=== Listed records ===

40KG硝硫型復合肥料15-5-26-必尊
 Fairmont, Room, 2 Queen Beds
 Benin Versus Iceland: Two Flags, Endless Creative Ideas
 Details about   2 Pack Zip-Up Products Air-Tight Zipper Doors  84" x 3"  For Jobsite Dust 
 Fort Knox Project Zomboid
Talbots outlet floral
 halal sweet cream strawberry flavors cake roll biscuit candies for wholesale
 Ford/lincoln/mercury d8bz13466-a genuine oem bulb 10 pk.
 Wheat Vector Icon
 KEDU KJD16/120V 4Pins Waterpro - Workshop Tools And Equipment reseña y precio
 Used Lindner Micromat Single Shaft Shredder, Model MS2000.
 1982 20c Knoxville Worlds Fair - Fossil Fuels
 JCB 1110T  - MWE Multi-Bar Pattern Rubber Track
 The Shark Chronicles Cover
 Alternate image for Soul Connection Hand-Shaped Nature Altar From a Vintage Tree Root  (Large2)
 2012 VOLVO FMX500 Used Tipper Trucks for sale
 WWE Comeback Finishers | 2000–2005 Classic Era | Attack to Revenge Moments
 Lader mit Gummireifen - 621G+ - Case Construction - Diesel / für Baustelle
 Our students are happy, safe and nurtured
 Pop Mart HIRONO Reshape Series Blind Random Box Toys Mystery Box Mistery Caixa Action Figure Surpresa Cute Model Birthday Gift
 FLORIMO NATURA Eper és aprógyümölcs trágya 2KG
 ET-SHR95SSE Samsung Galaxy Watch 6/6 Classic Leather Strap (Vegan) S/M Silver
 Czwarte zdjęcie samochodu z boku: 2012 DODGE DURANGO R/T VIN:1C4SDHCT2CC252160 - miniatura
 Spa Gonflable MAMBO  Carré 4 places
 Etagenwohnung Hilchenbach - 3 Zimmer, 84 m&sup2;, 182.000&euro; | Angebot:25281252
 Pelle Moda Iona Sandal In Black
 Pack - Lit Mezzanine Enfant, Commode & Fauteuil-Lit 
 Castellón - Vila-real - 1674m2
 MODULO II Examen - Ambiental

===

Task requirements = Copy from the line with "FLORIMO NATURA Eper" to the final line of the records, inclusive, and add nothing else.

Written answer =
 FLORIMO NATURA Eper és aprógyümölcs trágya 2KG
 ET-SHR95SSE Samsung Galaxy Watch 6/6 Classic Leather Strap (Vegan) S/M Silver
 Czwarte zdjęcie samochodu z boku: 2012 DODGE DURANGO R/T VIN:1C4SDHCT2CC252160 - miniatura
 Spa Gonflable MAMBO  Carré 4 places
 Etagenwohnung Hilchenbach - 3 Zimmer, 84 m&sup2;, 182.000&euro; | Angebot:25281252
 Pelle Moda Iona Sandal In Black
 Pack - Lit Mezzanine Enfant, Commode & Fauteuil-Lit 
 Castellón - Vila-real - 1674m2
 MODULO II Examen - Ambiental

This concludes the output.